As Maya Angelou famously said, “when you know better, you do better”.
Systems modeling tools have a role to play in helping us address the most complex problems we face as a society today, including segregation, the COVID-19 pandemic, and combating climate change. In fact, models, like the Schelling model, are being used in policy discussions around these critical issues right now.
However, our models are only as good as the assumptions that go into them.
As I walk through my neighborhood, I think about my children, and all our children. No matter their race, our children deserve models whose assumptions critique and challenge the hard realities of the past and are improved upon in the hopes of building a better, and more equitable future. We can make different choices now. We can choose to be deliberately inclusive and build models that undo, rather than reinforce, systemic oppression, to develop policy solutions that benefit people from all walks of life.

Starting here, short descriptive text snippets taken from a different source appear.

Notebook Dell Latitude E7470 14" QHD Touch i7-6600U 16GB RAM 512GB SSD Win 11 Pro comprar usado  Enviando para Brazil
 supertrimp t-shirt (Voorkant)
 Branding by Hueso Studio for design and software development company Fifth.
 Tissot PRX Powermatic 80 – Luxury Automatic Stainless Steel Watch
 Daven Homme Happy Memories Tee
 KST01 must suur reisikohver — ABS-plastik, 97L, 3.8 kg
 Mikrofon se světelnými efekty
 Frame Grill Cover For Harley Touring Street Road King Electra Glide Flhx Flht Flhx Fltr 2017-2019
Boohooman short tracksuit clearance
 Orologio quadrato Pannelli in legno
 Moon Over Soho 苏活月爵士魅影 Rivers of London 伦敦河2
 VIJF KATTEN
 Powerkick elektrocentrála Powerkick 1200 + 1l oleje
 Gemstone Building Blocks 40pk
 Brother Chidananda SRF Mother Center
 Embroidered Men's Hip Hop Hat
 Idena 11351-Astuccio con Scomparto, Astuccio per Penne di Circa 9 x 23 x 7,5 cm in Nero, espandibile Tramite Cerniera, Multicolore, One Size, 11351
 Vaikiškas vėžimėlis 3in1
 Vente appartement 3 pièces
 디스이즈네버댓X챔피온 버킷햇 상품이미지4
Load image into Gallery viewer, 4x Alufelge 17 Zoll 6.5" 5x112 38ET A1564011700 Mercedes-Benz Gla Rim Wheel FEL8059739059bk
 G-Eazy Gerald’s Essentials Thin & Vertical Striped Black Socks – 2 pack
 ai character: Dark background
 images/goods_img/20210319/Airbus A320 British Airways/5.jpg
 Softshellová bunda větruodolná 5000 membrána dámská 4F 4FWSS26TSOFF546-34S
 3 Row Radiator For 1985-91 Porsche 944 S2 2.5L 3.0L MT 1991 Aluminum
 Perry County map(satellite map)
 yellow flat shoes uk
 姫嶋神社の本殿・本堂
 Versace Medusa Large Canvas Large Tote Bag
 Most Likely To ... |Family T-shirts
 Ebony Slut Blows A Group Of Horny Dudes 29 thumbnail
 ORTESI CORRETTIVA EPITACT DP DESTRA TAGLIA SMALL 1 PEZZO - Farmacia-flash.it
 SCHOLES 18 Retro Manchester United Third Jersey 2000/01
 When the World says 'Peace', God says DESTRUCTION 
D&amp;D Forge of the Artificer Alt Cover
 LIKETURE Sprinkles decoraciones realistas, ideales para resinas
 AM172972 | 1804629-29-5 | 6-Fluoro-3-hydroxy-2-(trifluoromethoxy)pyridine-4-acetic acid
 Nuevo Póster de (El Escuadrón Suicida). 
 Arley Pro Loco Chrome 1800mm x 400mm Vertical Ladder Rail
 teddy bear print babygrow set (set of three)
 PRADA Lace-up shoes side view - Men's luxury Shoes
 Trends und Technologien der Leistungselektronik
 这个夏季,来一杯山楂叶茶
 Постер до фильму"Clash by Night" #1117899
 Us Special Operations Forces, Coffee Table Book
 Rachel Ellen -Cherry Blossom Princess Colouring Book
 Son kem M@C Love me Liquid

Let’s begin to break the racist feedback loops, and truly build a better world.
DR. LAURA SCHMITT OLABISI is an Associate Professor in the Department of Community Sustainability and the Environmental Science and Policy Program at Michigan State University. She is an ecologist and a participatory systems modeler, working directly with stakeholders to build models that foster adaptive learning about the dynamics of coupled human-natural systems, and to integrate stakeholder knowledge with academic knowledge. She was an AAAS Leshner Leadership Institute Public Engagement Fellow in 2018, and is currently a board member of the Academy for Systems Change (formerly the Donella Meadows Institute), a non-profit organization dedicated to training systems leaders for sustainability transformations in the public, private, and nonprofit sectors.